- How did McCaskey High School (PA) Math Teacher Chris Hess make math more “relevant” to his students (Lancaster News)?:
When it comes to preparing students for real life, there may be no lesson more important than how to manage personal finances, Hess says. That’s why he started incorporating financial lessons into his calculus classes during a segment he calls Finance Friday.
Hess also has proposed a new financial algebra course for next year, which applies algebraic problems to everyday financial situations such as buying a home, filing taxes or starting a business. The school board approved the course in November as part of the the 2015-16 school curriculum.
- Ames High School business teacher Rhonda Schmaltz describes her approach to teaching personal finance to high school juniors and seniors (Ames Tribune):
“We also cover a career unit, because I think it’s really important that the kids have a realistic look at maybe the career that they’re interested in going into, and making sure that there are going to be jobs there,” Schmaltz said. “I’ve just had too many kids that I know of that have gone to college, graduated and there weren’t any jobs in that major. So we want to make sure that they have a realistic look at what’s there and also what the potential is, or what the starting salary would be and what the potential for that career financially would be.”
- Vermont seeks to improve the financial literacy of their citizens and draw the link between literacy and well-being (Valley News):
Allen, who also led the committee on improving financial literacy among adults, drew an explicit connection between an understanding of personal finances and improvement of the state’s overall well-being. “I viewed this as a unique opportunity to promote economic development statewide,” Allen said. The task force recommends introducing financial knowledge early in education. According to the group, only seven of 65 high schools have a financial literacy requirement.

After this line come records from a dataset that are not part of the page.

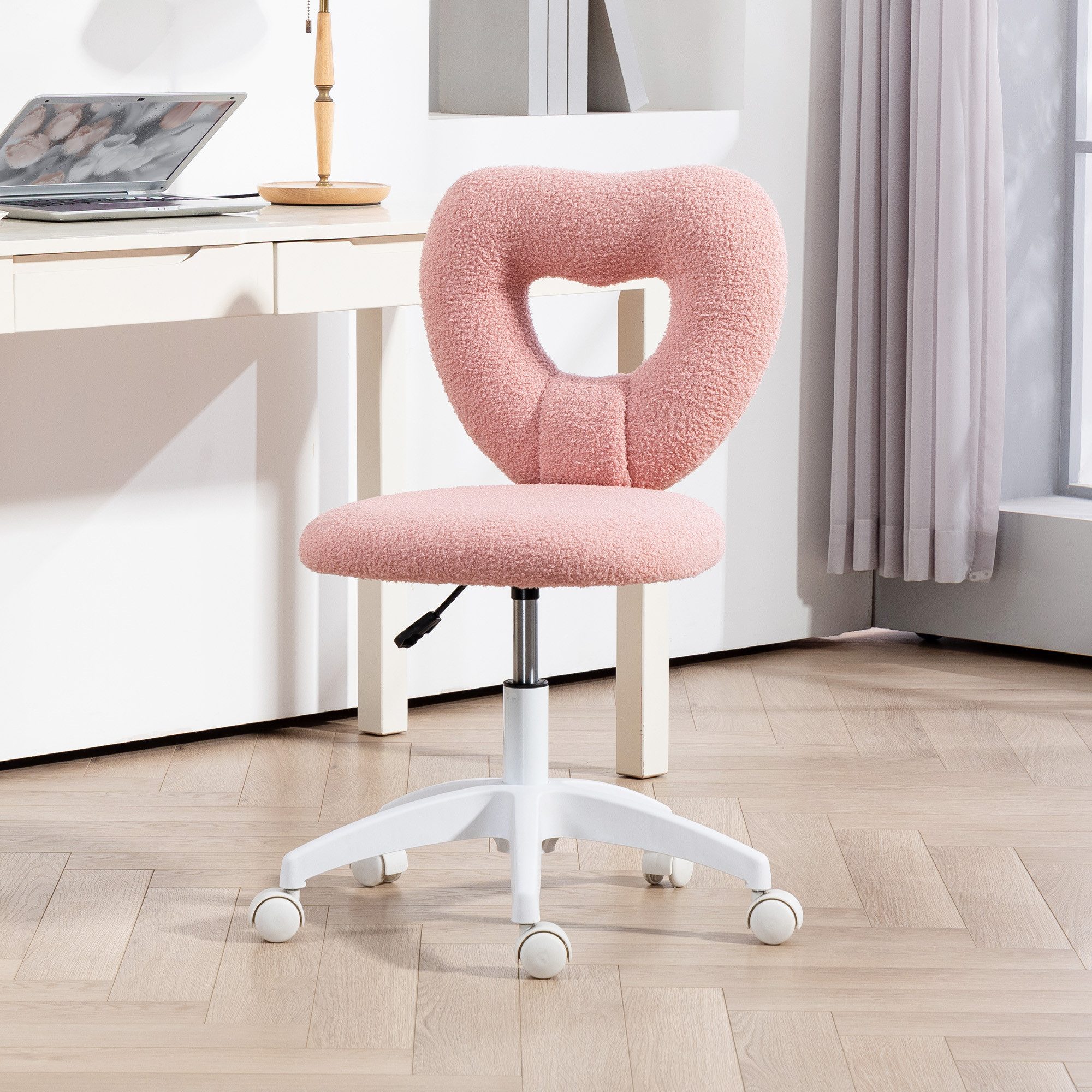 OKWISH Bürostuhl Schreibtischstuhl in Rosa, Teddy-Fleece mit herzförmiger Rückenlehne (Schminktisch-Stuhl Höhenverstellbarer Drehstuhl ohne Armlehnen für Homeoffice, 1 St), für Arbeitszimmer, Schlafzimmer & Büro, weich & komfortabel
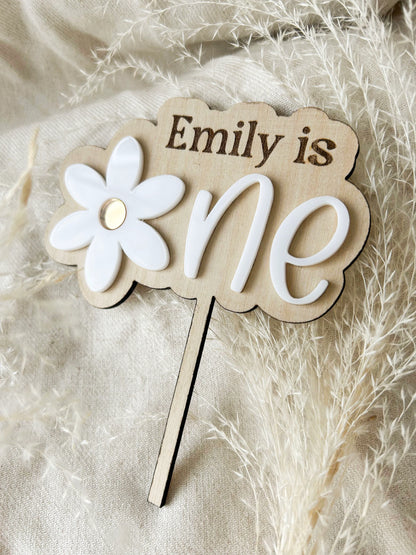 Acrylic Daisy 3D Cake Topper | Daisy Birthday Party Decor, Double Layered, Custom Personalized Name, Boho Retro Flower Groovy 1st Birthday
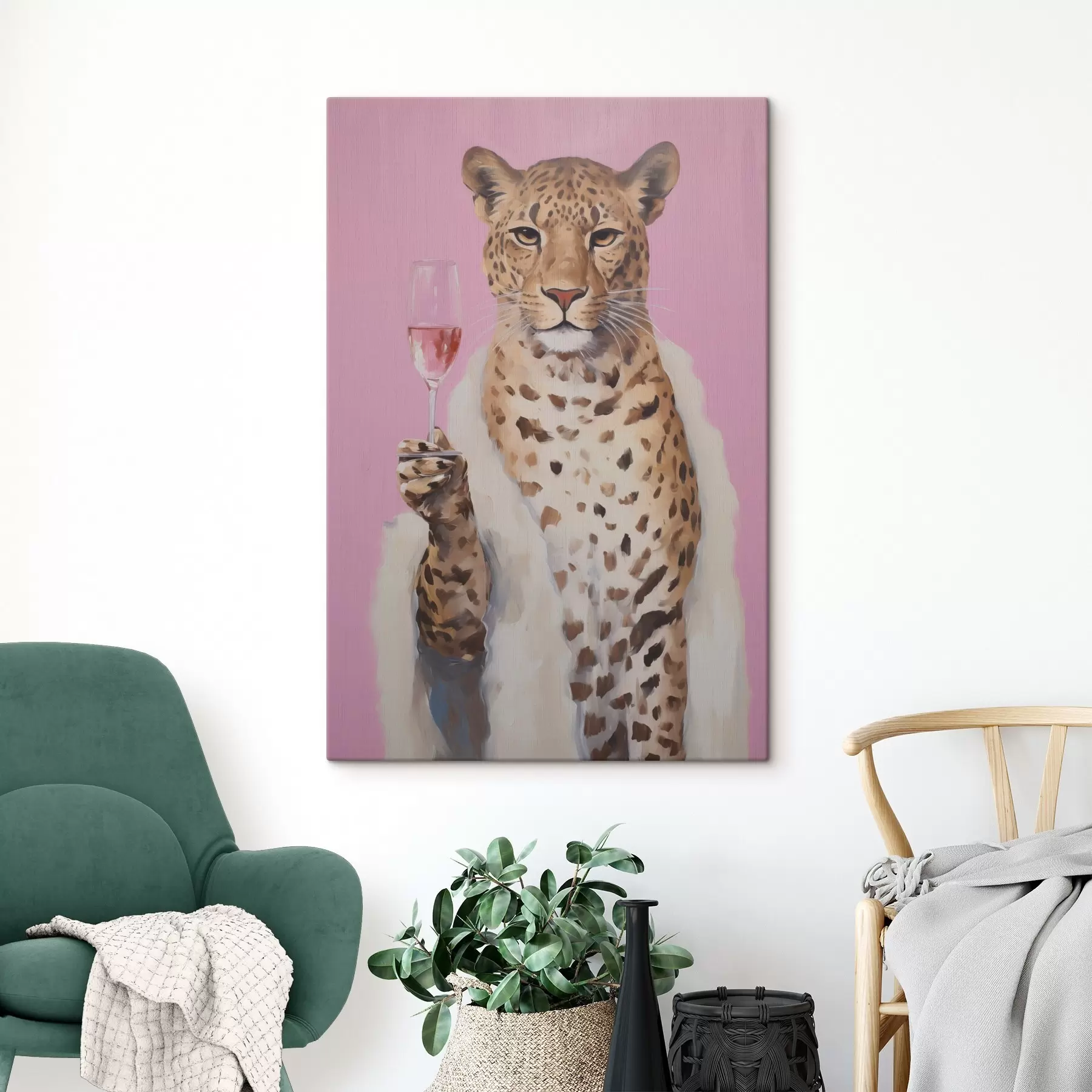 Obraz Maľba leoparda s imitáciou skla s49510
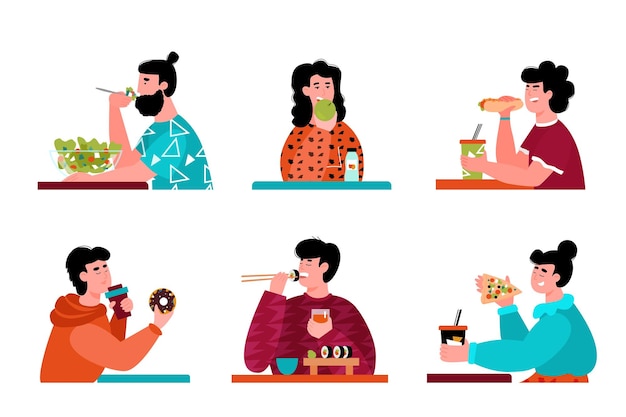 Cartoon people eating  set of men and women with fast food or healthy meal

- Ontario, Canada weaving personal finance lessons into gym classes (Our Windsor):
Wallet Wellness, part of the health and physical education curriculum, looks at how financial choices affect a person’s overall wellbeing. Teachers can find online activity cards to use with elementary students.
With a tool called Need It! Want It!, students learn about U.S. psychologist Abraham Maslow’s hierarchy of needs, shown in a pyramid ranging from food and shelter at the bottom to self-actualization at the top. They are urged to define their own wants and needs and share them with the group.
With another tool, Class Party!, students plan a gathering, taking dietary limitations into consideration. Everything must be nut-free, one has a gluten allergy and five are vegetarian. The group uses a worksheet and grocery store flyers to plan the party and stick to a budget.